The golden perch in this dam regularly exceed the 60cm mark with some even getting up to around 65cm, specimens of this size are typically between 8-14lb depending on the condition they are in. With a diet rich with freshwater yabbies, baitfish and freshwater shrimp its no wonder they are capable of getting to this size.
Fishing in Summer
The warmer months of December, January and February can be a great time to chase local perch population. The peak of the ‘golden perch spawn’ is just about over, if it hasn’t already finished and the fish are fired up and will generally show interest in whatever you decide to throw. Quite often the water temp will have a big role to play in the depth the fish are comfortable sitting in. This time of year, the water temps can exceed 25-26 degrees Celsius and this can be a little troublesome in the sense that the majority of fish will generally hold a little deeper in the water column during the heat of the day. Typically they will sit in the 15-25ft mark but over night and in the low light periods of the day they will move in shallower. It’s around these times of day you want to be focusing your time on the water.

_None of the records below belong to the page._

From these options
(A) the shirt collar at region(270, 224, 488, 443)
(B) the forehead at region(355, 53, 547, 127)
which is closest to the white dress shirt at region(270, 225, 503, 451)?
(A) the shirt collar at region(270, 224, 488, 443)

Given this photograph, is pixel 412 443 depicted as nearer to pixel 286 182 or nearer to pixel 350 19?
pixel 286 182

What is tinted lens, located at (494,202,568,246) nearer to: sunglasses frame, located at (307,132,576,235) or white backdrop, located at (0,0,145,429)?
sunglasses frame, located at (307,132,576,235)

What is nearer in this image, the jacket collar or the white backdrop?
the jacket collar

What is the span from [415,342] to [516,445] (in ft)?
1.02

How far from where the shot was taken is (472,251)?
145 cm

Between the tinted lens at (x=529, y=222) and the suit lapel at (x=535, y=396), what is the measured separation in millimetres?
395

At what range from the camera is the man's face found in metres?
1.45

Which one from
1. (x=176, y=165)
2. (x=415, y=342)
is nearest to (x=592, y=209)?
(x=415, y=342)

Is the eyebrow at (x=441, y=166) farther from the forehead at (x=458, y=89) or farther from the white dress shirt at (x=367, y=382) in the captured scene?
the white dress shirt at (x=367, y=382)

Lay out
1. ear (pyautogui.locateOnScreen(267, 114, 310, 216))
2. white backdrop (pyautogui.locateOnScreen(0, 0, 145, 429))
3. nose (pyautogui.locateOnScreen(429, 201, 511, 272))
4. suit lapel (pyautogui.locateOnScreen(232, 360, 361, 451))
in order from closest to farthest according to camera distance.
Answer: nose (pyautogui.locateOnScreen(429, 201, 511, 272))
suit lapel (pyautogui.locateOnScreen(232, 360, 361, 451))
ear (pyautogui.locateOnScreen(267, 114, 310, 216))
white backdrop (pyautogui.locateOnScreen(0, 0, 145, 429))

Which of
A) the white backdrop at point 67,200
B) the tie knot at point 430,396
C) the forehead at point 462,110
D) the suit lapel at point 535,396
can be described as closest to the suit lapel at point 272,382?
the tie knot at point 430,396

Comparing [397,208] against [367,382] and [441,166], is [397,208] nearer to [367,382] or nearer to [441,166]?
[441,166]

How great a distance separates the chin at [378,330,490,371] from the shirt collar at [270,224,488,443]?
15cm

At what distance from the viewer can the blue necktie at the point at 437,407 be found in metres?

Small spinnerbaits, Jackall Tn60’s and mask vibes, Ecogear Zx40’s and any small deep divers.
Fishing in Autumn
As the water begins to cool off the goldens in Windamere will gradually move into shallower water and will usually be active early on in the season. As autumn starts to move on the golden perch will start to feed less aggressively and enticing a bite will take more work and a more finesse approach. Leaders as low as 4-6lb and even up to 12ft in length will come into play more so as you want every little 1% factor in your ball court.
Fishing around this time of year can and will be slow at times so it pays to work your lures slow and steady to produce the results. Making sure an area of water is worked over 2-3 times can be the key to success and has proven so time and time again.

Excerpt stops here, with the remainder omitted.